A campanha de Flávio Bolsonaro tem sido marcada por uma série de equívocos, levando o colunista Ricardo Noblat a questionar quem realmente detém o comando e a estratégia por trás da candidatura do senador. Em sua análise, Noblat descreve a campanha como "sem rumo e visivelmente perdida", levantando preocupações sobre a condução das ações e a comunicação.
Um dos pontos levantados é a frequência das viagens de Flávio Bolsonaro aos Estados Unidos, sendo a sexta apenas neste ano. Segundo Noblat, essas viagens podem ser um indicativo de esgotamento físico e mental, disfarçado por comportamentos como danças e malabarismos discursivos que, ao invés de fortalecer, expõem um cenário de desespero e "derretimento" nas pesquisas.
## A Busca por um Líder
A questão central levantada pelo colunista é quem está efetivamente no controle da campanha. Noblat argumenta que, em tese, a palavra final deveria ser do próprio candidato, mas se as decisões partem de Flávio Bolsonaro, a condução tem sido equivocada. Uma campanha profissional e experiente, segundo ele, não permitiria a exposição de comportamentos que beiram o ridículo em um momento crítico.

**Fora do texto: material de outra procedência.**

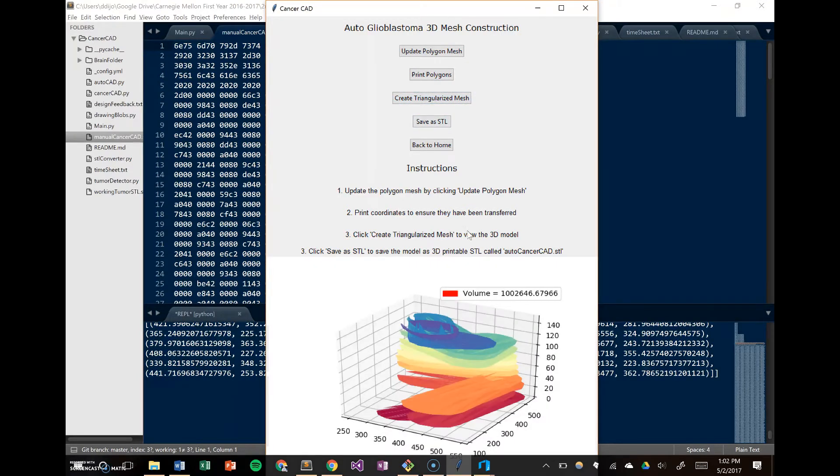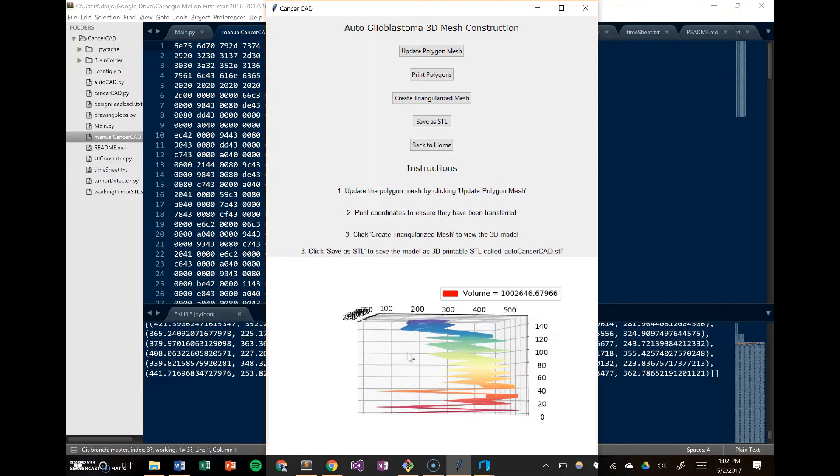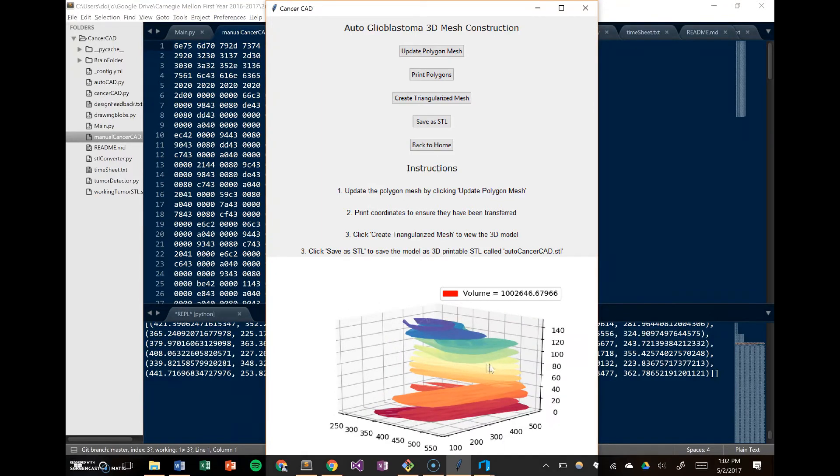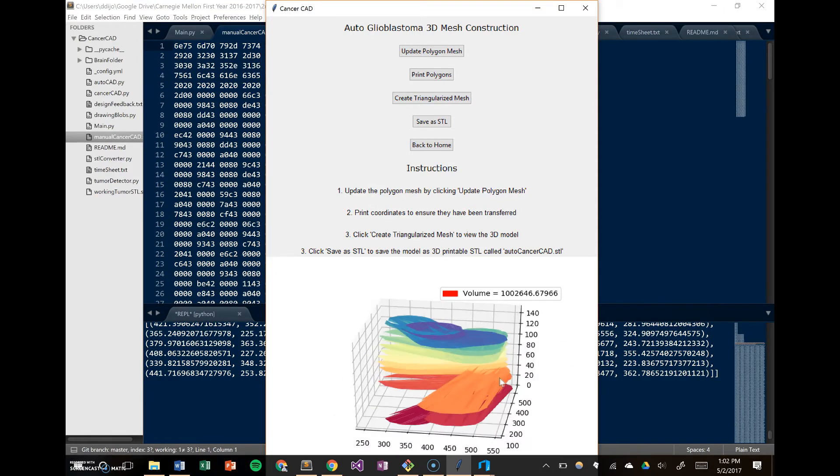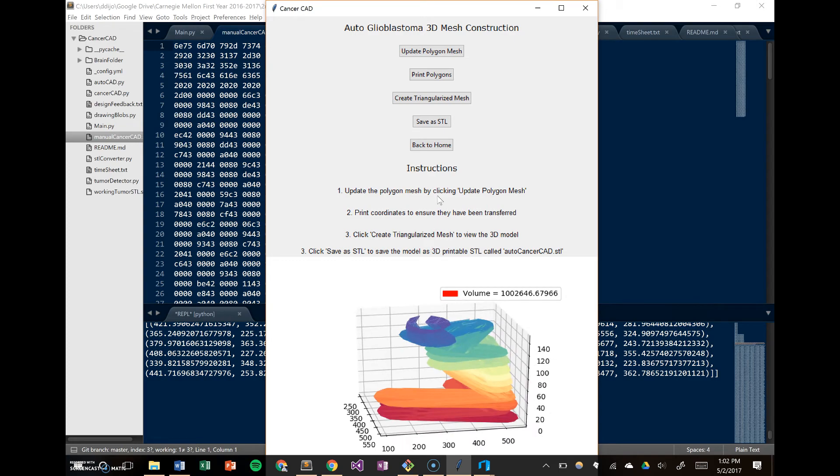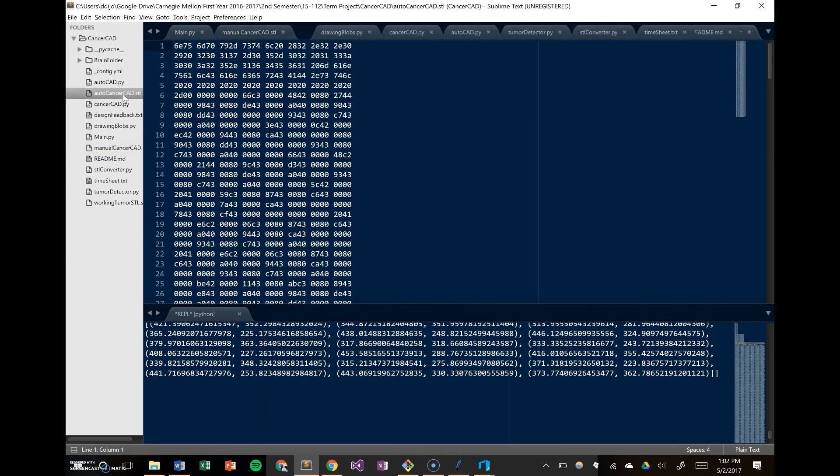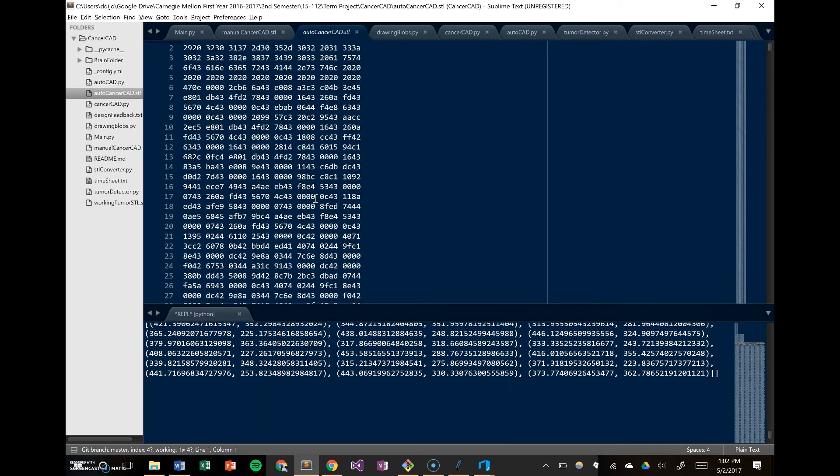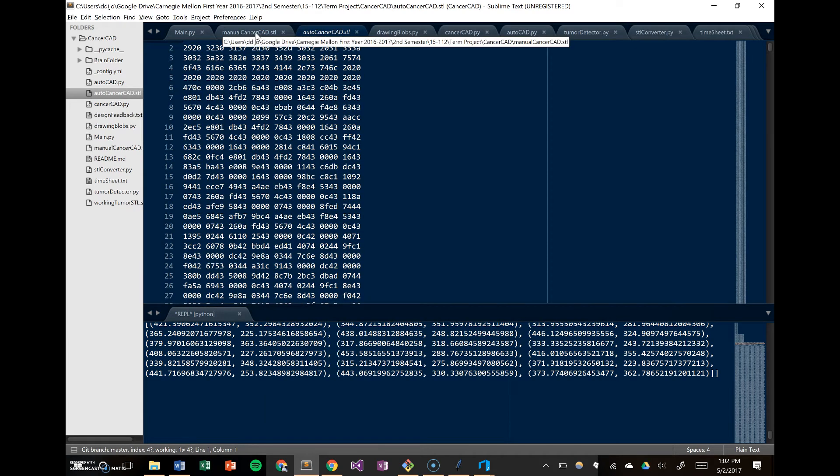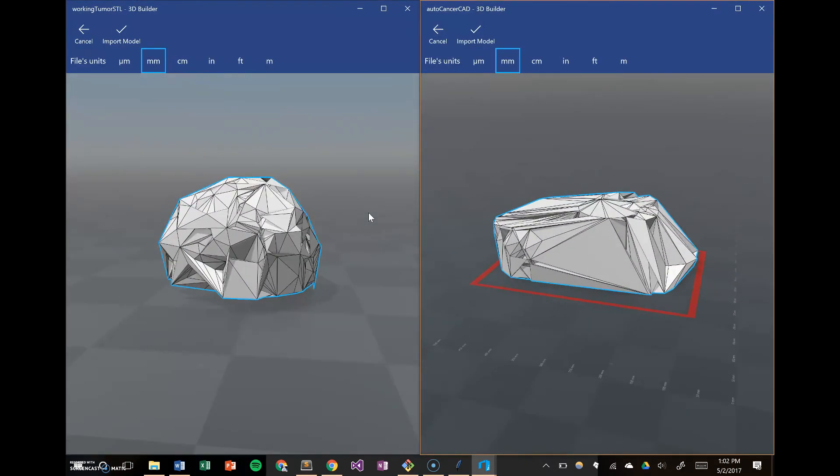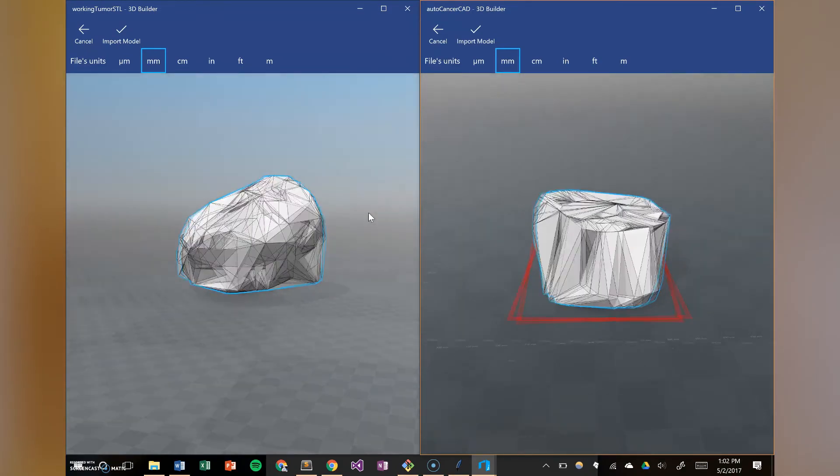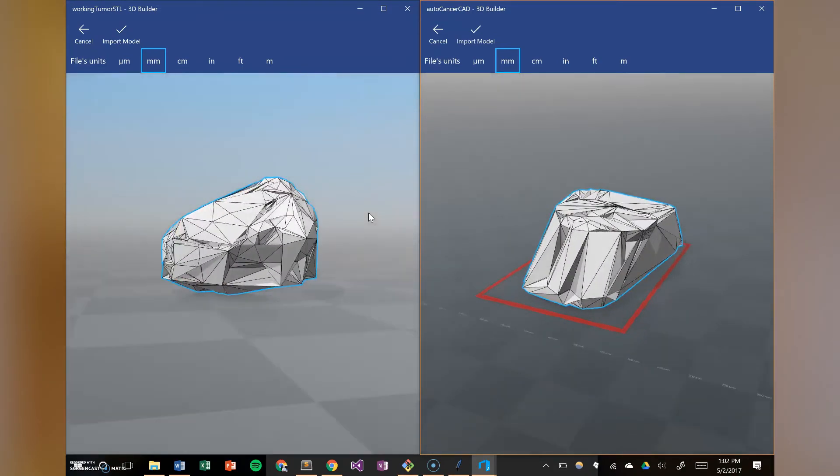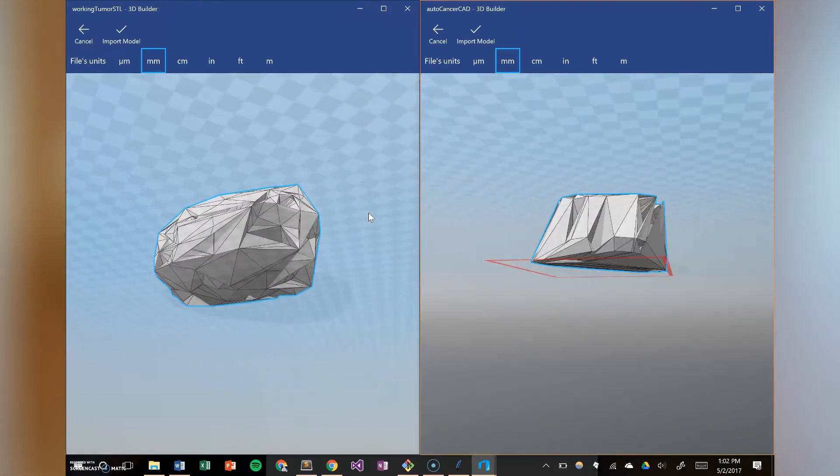The mesh that's constructed here is not actually that indicative of what the 3D object looks like. When you take a look at the 3D object, which is generated the exact same way, you notice a lot of similarities between the intelligently generated STL and the manually generated STL if the doctor went through every single slice. You can see that the 3D printed objects are pretty similar in size and have a similar shape.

Noblat contrasta a situação com a possível intervenção de figuras como Valdemar Costa Neto, que, por sua experiência, seria capaz de identificar e corrigir os erros de percurso. A ausência de uma coordenação clara e assertiva é notória, com o coordenador oficial, Rogério Marinho, parecendo ter pouco espaço de atuação e permanecendo "sumido em alguma coxia de campanha".
## Isolamento e Desespero
A análise aponta para um "isolamento político" e uma "falta crônica de coordenação profissional" dentro da campanha. O que se observa, na visão de Noblat, é um candidato mal assessorado, sem uma direção estratégica definida, que tenta compensar o colapso nas pesquisas com demonstrações de carisma em palanques. A viagem a Washington é interpretada como uma tentativa desesperada de buscar apoio internacional, possivelmente para chantagear o próprio país.
A falta de um comando coeso e de uma estratégia bem definida sugere uma campanha em dificuldades, onde os erros se acumulam e a direção a seguir parece incerta, gerando questionamentos sobre o futuro da candidatura de Flávio Bolsonaro.